- **PROMPT**: Leaving out every picture, retype the lines below from the top through the one that contains "thumbnail: Interior entrance".

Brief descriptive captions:
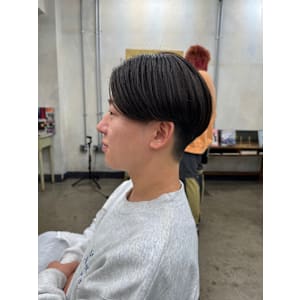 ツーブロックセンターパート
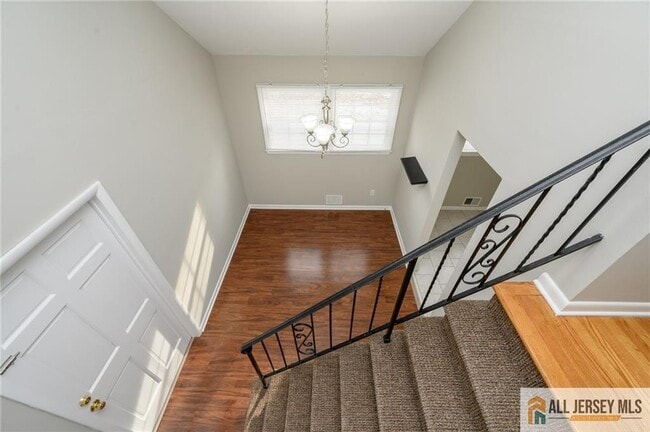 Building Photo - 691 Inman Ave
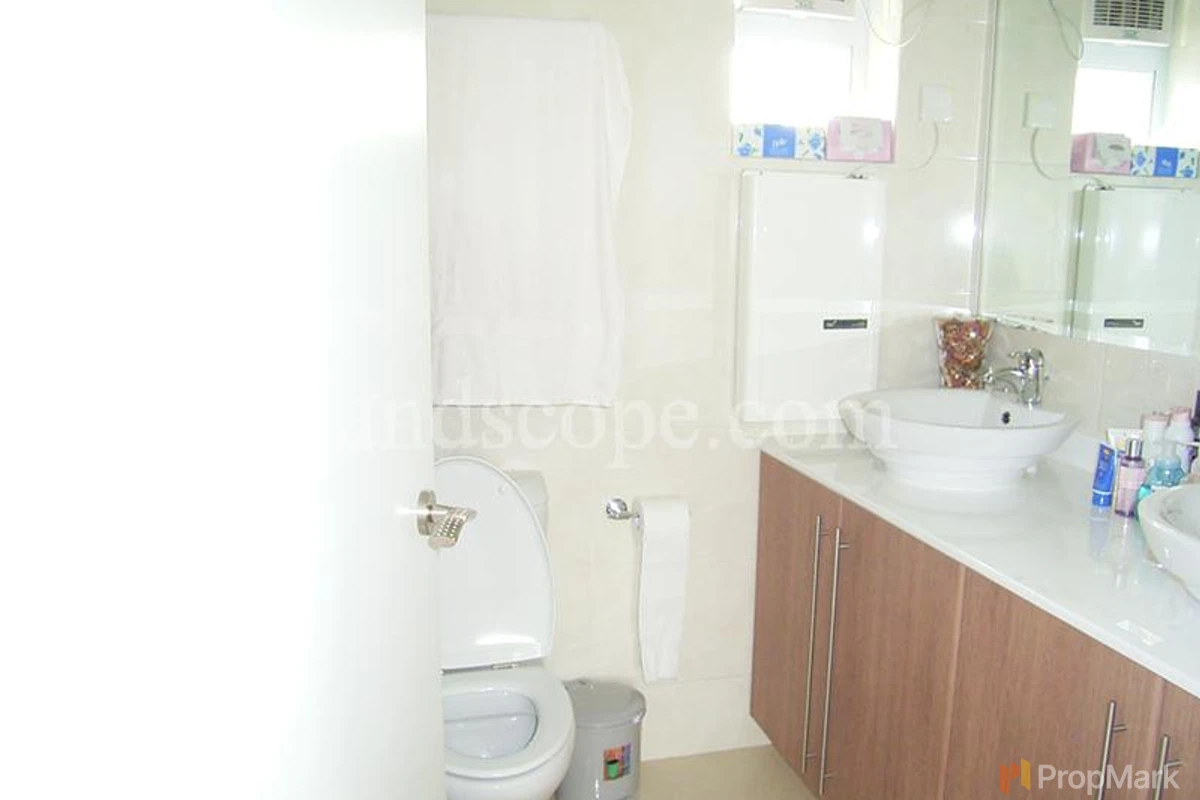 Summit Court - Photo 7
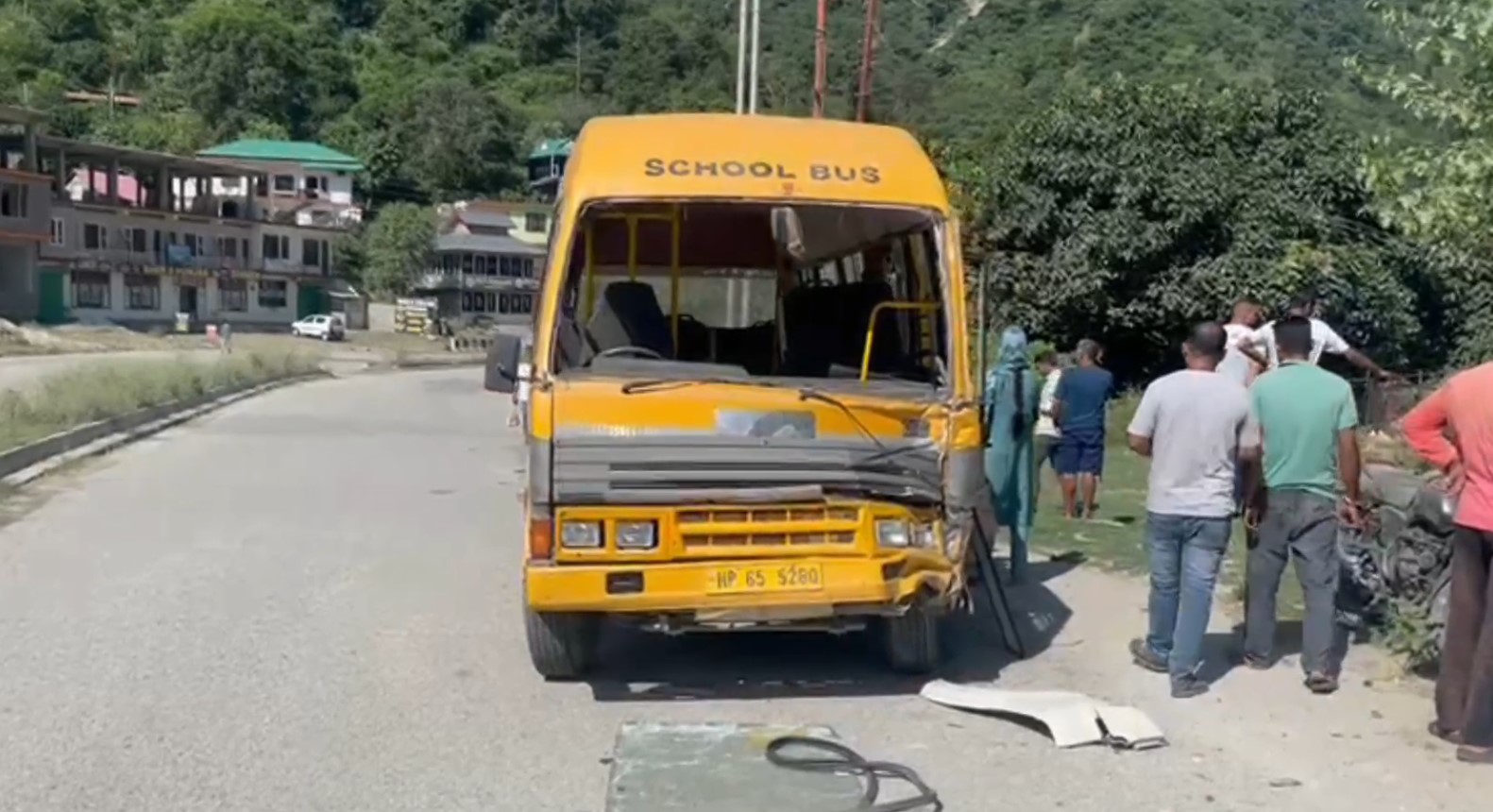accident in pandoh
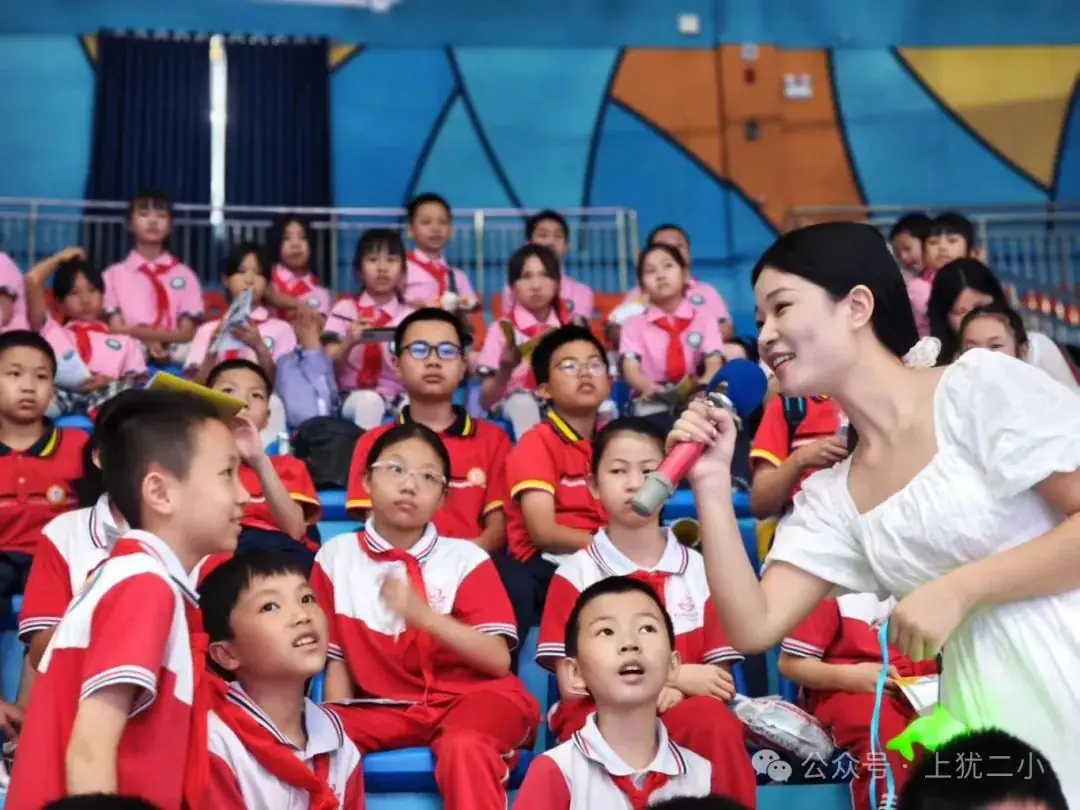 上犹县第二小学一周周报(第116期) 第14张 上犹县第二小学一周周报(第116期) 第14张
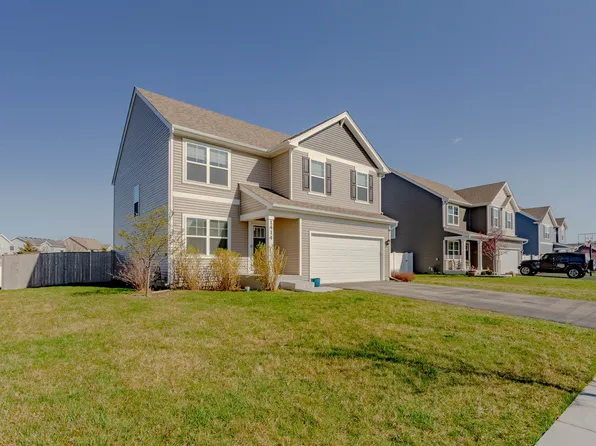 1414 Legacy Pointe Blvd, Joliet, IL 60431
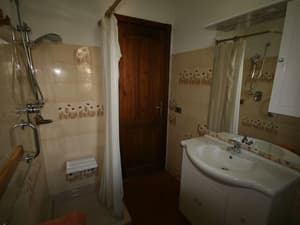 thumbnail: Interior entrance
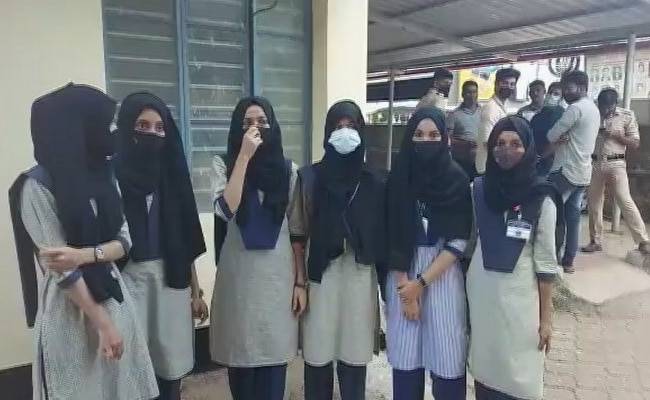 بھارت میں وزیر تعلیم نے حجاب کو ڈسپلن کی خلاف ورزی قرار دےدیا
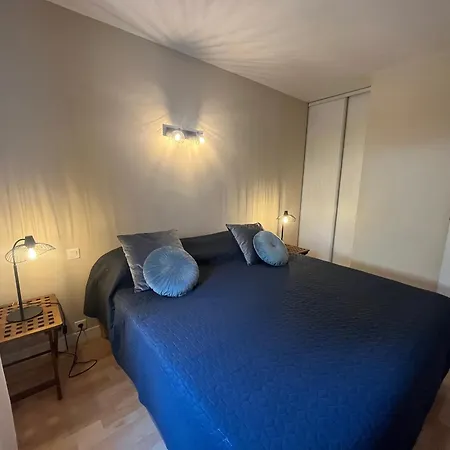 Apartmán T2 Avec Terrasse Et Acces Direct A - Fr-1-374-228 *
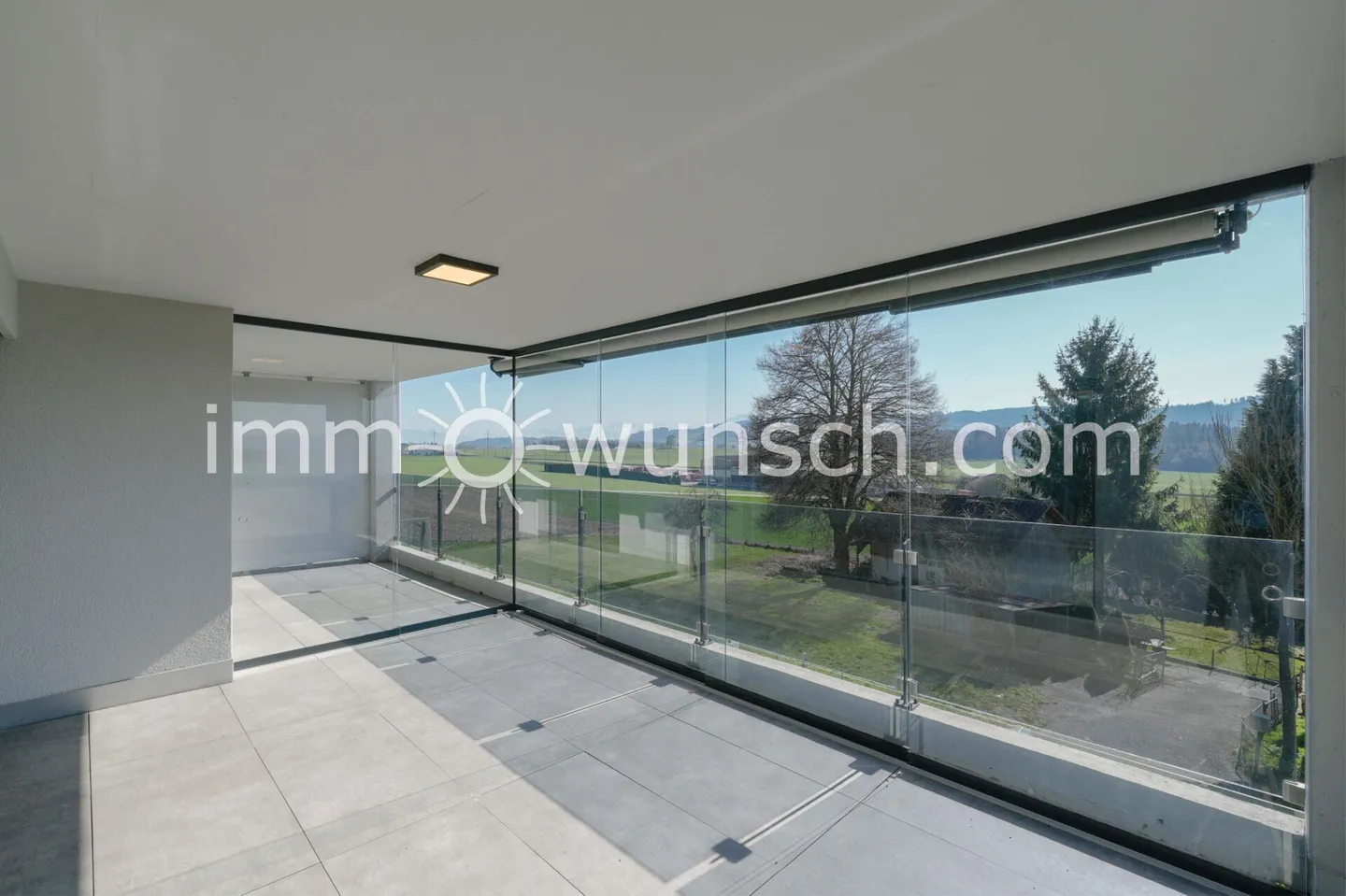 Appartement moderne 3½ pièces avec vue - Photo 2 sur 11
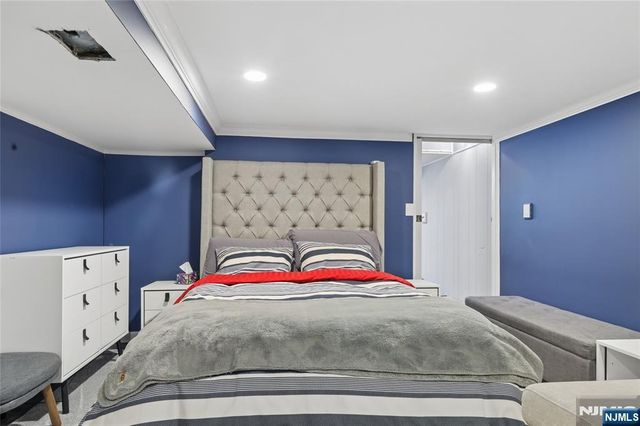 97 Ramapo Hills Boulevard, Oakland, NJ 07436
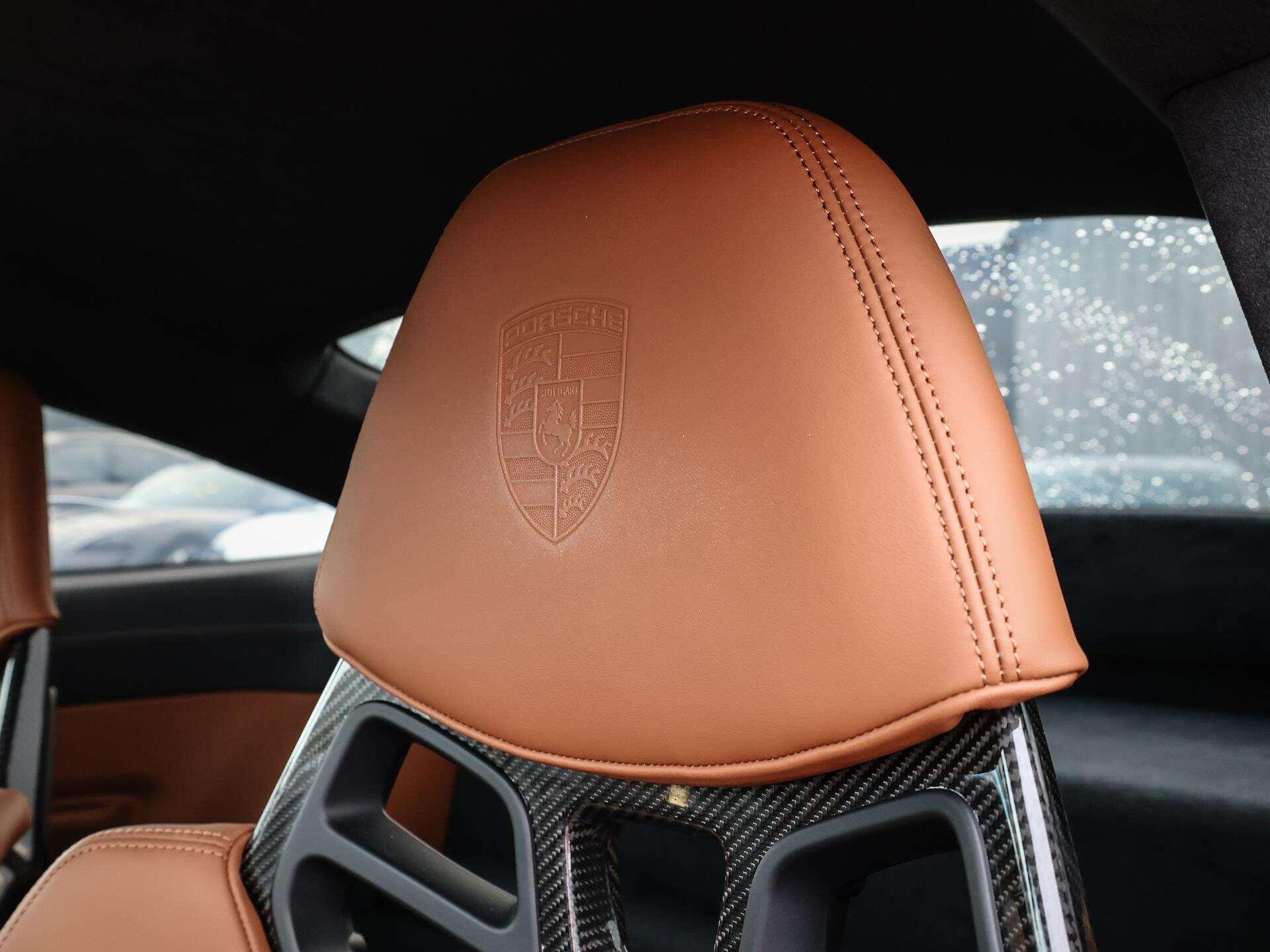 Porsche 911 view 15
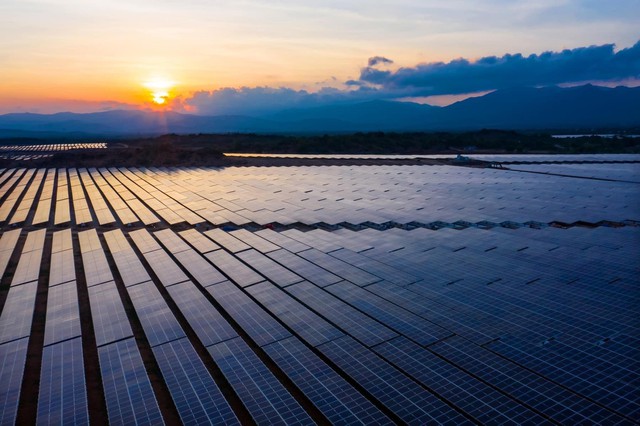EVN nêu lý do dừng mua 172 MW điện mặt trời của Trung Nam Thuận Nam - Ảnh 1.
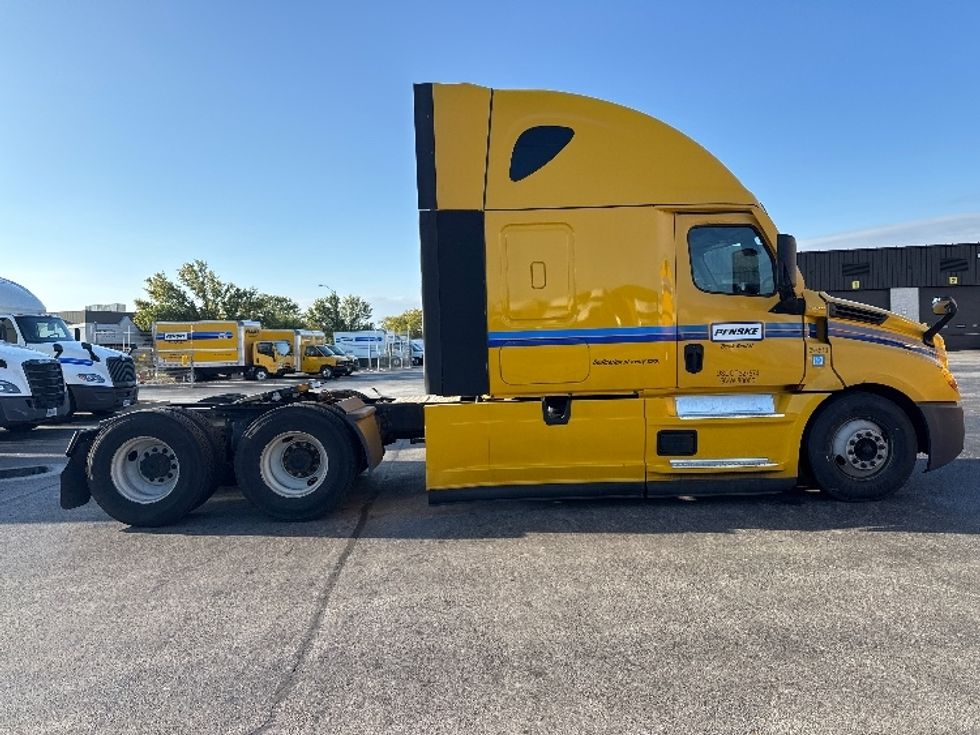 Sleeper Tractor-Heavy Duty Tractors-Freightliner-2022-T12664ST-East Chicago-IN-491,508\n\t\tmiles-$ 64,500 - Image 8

- **YOUR RESPONSE**:
 ツーブロックセンターパート
 Building Photo - 691 Inman Ave
 Summit Court - Photo 7
accident in pandoh
 上犹县第二小学一周周报(第116期) 第14张 上犹县第二小学一周周报(第116期) 第14张
 1414 Legacy Pointe Blvd, Joliet, IL 60431
 thumbnail: Interior entrance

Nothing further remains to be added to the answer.